Honduran, Dania Palma, will be one of the hundreds of immigrants who will attend Monday's Supreme Court hearing on President Barrack Obama's controversial executive action to limit deportations.
Like many she will be praying to be reunited with a loved one who was caught up in the political battle over U.S. immigration law that has seen Republicans in Congress seeking to thwart effort by the White House to institute reforms designed to protect immigration children and their parents from separation.
"We hope that the judges vote in favor of the executive action to put an end to the raids of those of us who have American children," said Palma, whose husband, César Alberto Ramírez was deported in August 2015 and killed a month later by a criminal gang in Honduras.
Her husband was arrested on July 23, 2015 in Miami for a traffic violation. The police, realizing he had no driver's license and was in the country illegally, handed him over to the Immigration and Customs Enforcement (ICE) agency.
"He asked them not to (deport him) because his life was in danger, but they did not listen. On September 21, two days before making his return trip here with his family, he was killed," said Dania. "He had no criminal record."
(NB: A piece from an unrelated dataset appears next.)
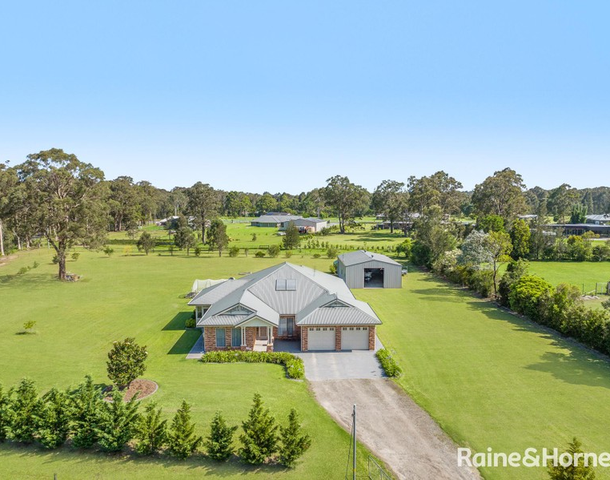 5 Manningvale Close, Worrigee NSW 2540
Ramírez had been arrested at the Texas border in 2001 when he tried to enter the country undocumented. A few days later he was deported.
"In such cases, when a person has been deported and then tries to return without authorization, at the moment they cross the border, they get a punishment for life and do not qualify for any type of immigration benefit," said immigration lawyer Alex Galvez.
"But there are some exceptions when the person’s life is in danger in the place where he was deported. In such cases, he may make a request for asylum," he added.
DAPA and DACA
The Executive Action on Immigration was announced by Obama on November 20, 2014 but never went into effect.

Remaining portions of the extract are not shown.